I should know better as I always put my foot firmly in my mouth in these kind of situations but somehow at lunch today the issue of MSG came up. As I have never noticed a personal reaction to MSG and I happen to like food that has it added I don’t have a problem with it but I know that lots of people claim it’s a problem for them. I mentioned this to some friends and one of them told me that it wasn’t true. MSG has been proven to have no known side effects. Being pretty sure of myself as I usually am I thought “they must be crazy, I’ve read all about it”.

I told them so :-s and suggested that I could bring in proof from the net. They said that’s cool but we agreed no random net references. They had to be from medical journals.

So, when I got home I researched it first by going to the Journal of the American Medical Association and then from there to PubMed of the National Library of Medicine.

Guess what….They were right, I was wrong. MSG does NOT have any bad side-effects. In study after study that I looked up all the tests came up negative. In many of the tests they even used people that claimed they got headaches or tight chests from MSG. (The so called “Chinese Restaurant Syndrome”). In double-blind tests they gave these people MSG capsules and placebo capsules and the results indicated that there is no effect from MSG.

Just in case, I *think* double-blind means that (1) the person being studied doesn’t know if they are getting MSG or the placebo AND (2) the person GIVING the test doesn’t know if the capsule they are giving is an MSG capsule or not.

#1 is important because if you know you got MSG you are expecting a headache and if you know you didn’t get MSG you are not. Therefore you might *generate* a headache, real or not but it might not be because of the MSG it might be *power of self suggestion*.

#2 is important because for example if the researcher knows it’s MSG and they believe MSG causes headaches they might, for example, stare vary concernedly at people receiving the MSG subtly implying to the patient they expect that person is going to get a headache and therefore the patient notices that, worries and gets a headache.

It’s therefore important that the tests be double-blind. If they aren’t then the tests are invalid. I mention this because according to what I read, a study from 1987 that got alot of people to stop eating MSG was NOT double-blind and had many other problems with it. Nobody has been able to re-produce the claimed results once they used proper testing techiques.

Here are some of the studies I found.

I did find a few counter examples. There’s this site which has a list of references. I tried to look up about 10 of them. Unfortunately I couldn’t find most of them and also several of them are not studies but just anecdotes.

I did find this one on PubMed but it’s results were covered by some of the later studies above.

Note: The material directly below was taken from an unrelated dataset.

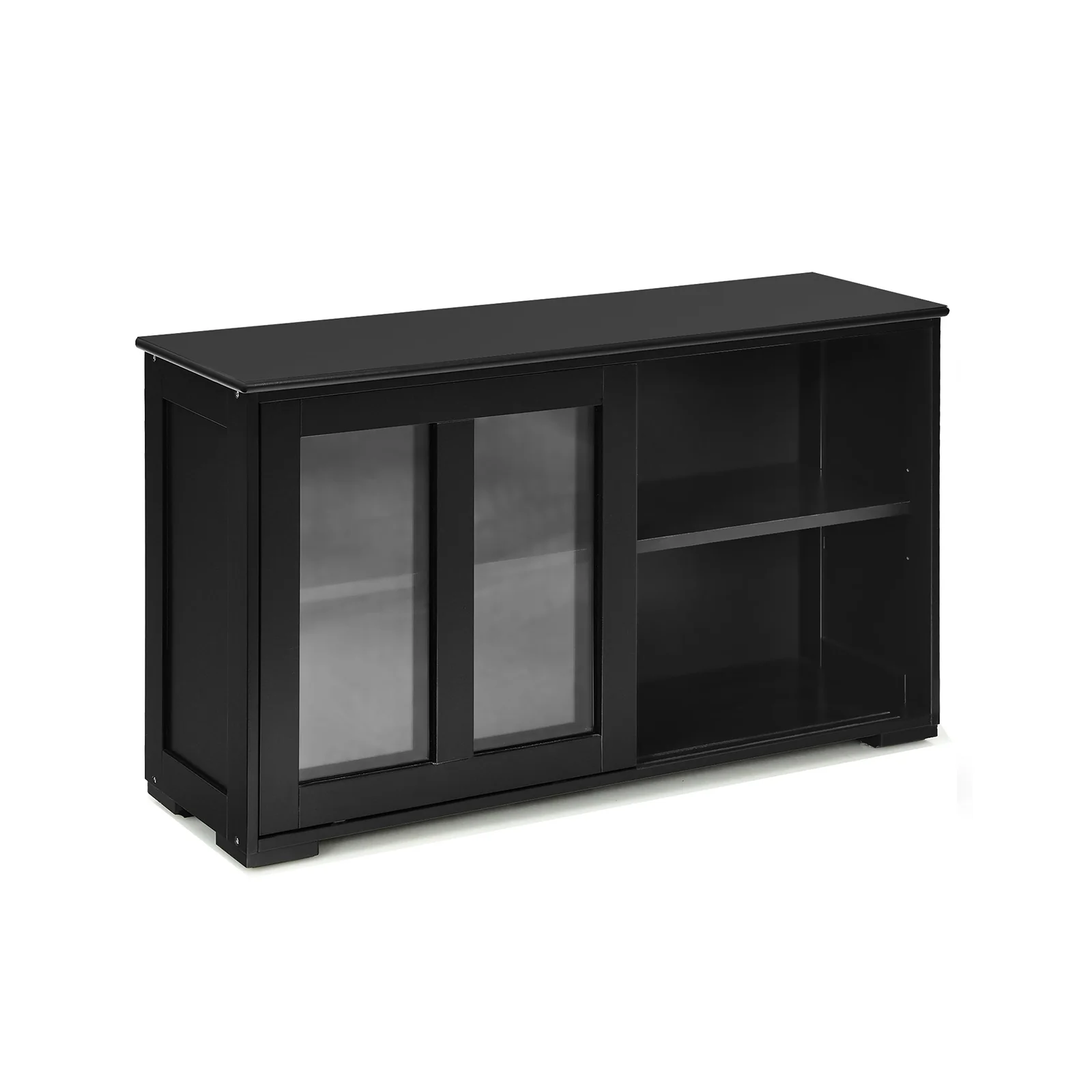 Kitchen Storage Cabinet With Glass Sliding Door, Black - Image 4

Kind of scary what the press can get you to believe by only reporting the scary stuff *MSG is bad for you* and not reporting the real research. Very much like the breast implant issues in which the press only reported bad research and people only believed anecdotes.

  • danchan

    Didn’t we talk about MSG not being bad for you before? Someone brought it up a while ago (was it Dan Arey?).

  • grego

    Or how about "Global Warming"…

    DISCOVER magazine, Oct 1989, pg. 47. In part, it reads:
    On the one hand, as scientists, we are ethically bound
    to the scientific method, in effect promising to tell
    the truth, the whole truth, and nothing but…. On the
    other hand, we are not just scientists but human beings
    as well. And like most people we’d like to see the world
    a better place, which in this context translates into our
    working to reduce the risk of potentially disastrous
    climatic change. To do that we need to get some broadbased
    support, to capture the public’s imagination…. So we
    have to offer up scary scenarios, make simplified,
    dramatic statements, and make little mention of any
    doubts we might have…. Each of us has to decide what
    the right balance is between being effective and being
    honest.

    http://www.pushback.com/Wattenburg/environment/fraudulent-environment.html

    - Grego

  • grego

    As an extra tidbit, "Accent Flavor Enhancer" (sold in the US) is almost pure MSG (if I remember correctly)…I use it for some of my cooking.
    – Grego

  • greggman
    Check out Frontline too

    There’s this article about it too. It was very interesting to read the one scientist’s opinion that it’s all a bunch of hooey.

  • DonTauer
    On Monosodium Glutamate safety

    MSG is a key player in the current obesity epidemic. Evidence? See http://tinyurl.com/4pxmol

    Then google the words “monosodium glutamate insulin”. Be prepared to wade through a lot of scientific jargon.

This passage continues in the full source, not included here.